King Tuff: ‘The Other’ (Sub Pop, 2018)

Kyle Thomas in arte King Tuff suona la chitarra da quando aveva 7 anni. Fu allora che suo padre, grande appassionato di musica, gli regalò una Stratocaster, e per lui fu una vera e propria folgorazione in età infantile, che gli fece decidere che nella vita avrebbe fatto quello, il chitarrista. Dopo 10 anni di carriera, quattro album e centinaia di concerti, Thomas ha però sofferto una sorta di crisi di rigetto nei confronti del suo essere rocker, e soprattutto dell’alter-ego con cui ha conquistato la notorietà. Aveva bisogno di una pausa, di ricominciare da zero, di essere più Kyle che King. Il periodo sabbatico ha fatto riflettere il musicista del Vermont sul fatto che anche l’approccio alla composizione delle canzoni doveva cambiare. Si è così costruito uno studio domestico e ha deciso di cominciare a scrivere i nuovi pezzi partendo dalla chitarra acustica, per poi completare la sua personale rivoluzione artistica mettendosi a suonare la quasi totalità degli strumenti e producendo egli stesso il suo nuovo lavoro.
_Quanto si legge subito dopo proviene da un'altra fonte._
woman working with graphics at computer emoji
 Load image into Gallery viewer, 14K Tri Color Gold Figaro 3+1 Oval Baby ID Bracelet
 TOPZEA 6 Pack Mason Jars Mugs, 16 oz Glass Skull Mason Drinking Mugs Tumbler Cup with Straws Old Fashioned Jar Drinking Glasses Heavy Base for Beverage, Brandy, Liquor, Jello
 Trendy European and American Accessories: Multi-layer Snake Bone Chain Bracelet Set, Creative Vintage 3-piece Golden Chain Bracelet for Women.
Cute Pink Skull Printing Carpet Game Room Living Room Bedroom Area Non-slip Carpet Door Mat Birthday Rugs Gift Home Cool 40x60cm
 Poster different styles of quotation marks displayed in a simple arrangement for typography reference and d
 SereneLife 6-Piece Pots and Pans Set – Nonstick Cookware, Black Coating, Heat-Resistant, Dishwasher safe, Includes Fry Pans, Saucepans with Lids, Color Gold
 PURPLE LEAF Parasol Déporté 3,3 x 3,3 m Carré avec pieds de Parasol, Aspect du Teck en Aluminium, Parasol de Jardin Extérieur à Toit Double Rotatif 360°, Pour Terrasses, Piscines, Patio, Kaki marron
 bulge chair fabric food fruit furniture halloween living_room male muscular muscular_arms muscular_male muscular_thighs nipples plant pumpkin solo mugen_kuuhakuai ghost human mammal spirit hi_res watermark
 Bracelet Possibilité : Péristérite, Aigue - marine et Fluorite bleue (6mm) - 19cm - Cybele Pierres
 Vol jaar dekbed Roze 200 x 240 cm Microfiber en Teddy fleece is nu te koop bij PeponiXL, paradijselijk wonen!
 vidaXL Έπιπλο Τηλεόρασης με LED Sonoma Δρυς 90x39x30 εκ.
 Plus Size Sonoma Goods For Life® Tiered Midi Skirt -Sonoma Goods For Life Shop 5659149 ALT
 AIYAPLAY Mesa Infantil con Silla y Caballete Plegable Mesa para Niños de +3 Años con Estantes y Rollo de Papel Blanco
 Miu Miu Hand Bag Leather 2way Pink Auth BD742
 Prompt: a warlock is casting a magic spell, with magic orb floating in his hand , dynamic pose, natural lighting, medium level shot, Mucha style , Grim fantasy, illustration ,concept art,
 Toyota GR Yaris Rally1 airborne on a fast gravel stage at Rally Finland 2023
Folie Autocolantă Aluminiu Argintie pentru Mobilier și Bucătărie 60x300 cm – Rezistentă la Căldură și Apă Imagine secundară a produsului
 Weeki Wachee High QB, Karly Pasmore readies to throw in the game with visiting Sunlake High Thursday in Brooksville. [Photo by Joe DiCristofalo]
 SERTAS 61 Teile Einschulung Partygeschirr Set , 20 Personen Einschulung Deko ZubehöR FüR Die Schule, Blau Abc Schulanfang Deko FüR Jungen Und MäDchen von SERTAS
In realtà, ‘The Other‘ non è per niente un album acustico. Al contrario, è il disco con la più ampia strumentazione mai utilizzata da King Tuff. C’è da dire che King/Kyle fa parte di un bel giro, quello di Ty Segall (è stato anche un membro dei suoi Muggers), una cerchia che non fa mai mancare il proprio apporto: lo stesso Ty ha suonato la batteria in diversi brani, Mikal Cronin il sassofono, ai cori si sono cimentate Jenny Lewis, Greta Morgan e ancora Segall.

Il risultato è un album in un certo senso fastoso, che satura lo spettro sonoro con chitarre, tastiere, fiati, percussioni, cori. Ha un carattere introspettivo esplicitato musicalmente soltanto dalla title-track posta in apertura, dopo la quale è evidente come King Tuff riprenda il sopravvento su Kyle, con l’obbiettivo di inanellare aperture melodiche e ritornelli da cantare a squarciagola. Si susseguono così altre nove tracce estremamente godibili, condite di tanti elementi, dal tipico tocco psichedelico (‘Birds Of Paradise‘, ‘Ultraviolet‘) a un’inedita esuberanza folk-rock (‘Infinite Mile‘, ‘Circuits In The Sand‘), a un ‘tiro’ funkeggiante (‘Raindrop Blue‘, ‘Psycho Star‘) che non manca di far muovere il piedino a ripetizione. Insomma, ‘The Other‘ si lascia ascoltare alla stragrande, e in questo amalgama di ridondante catchiness manca solo una cosa: un po’ più di specificità.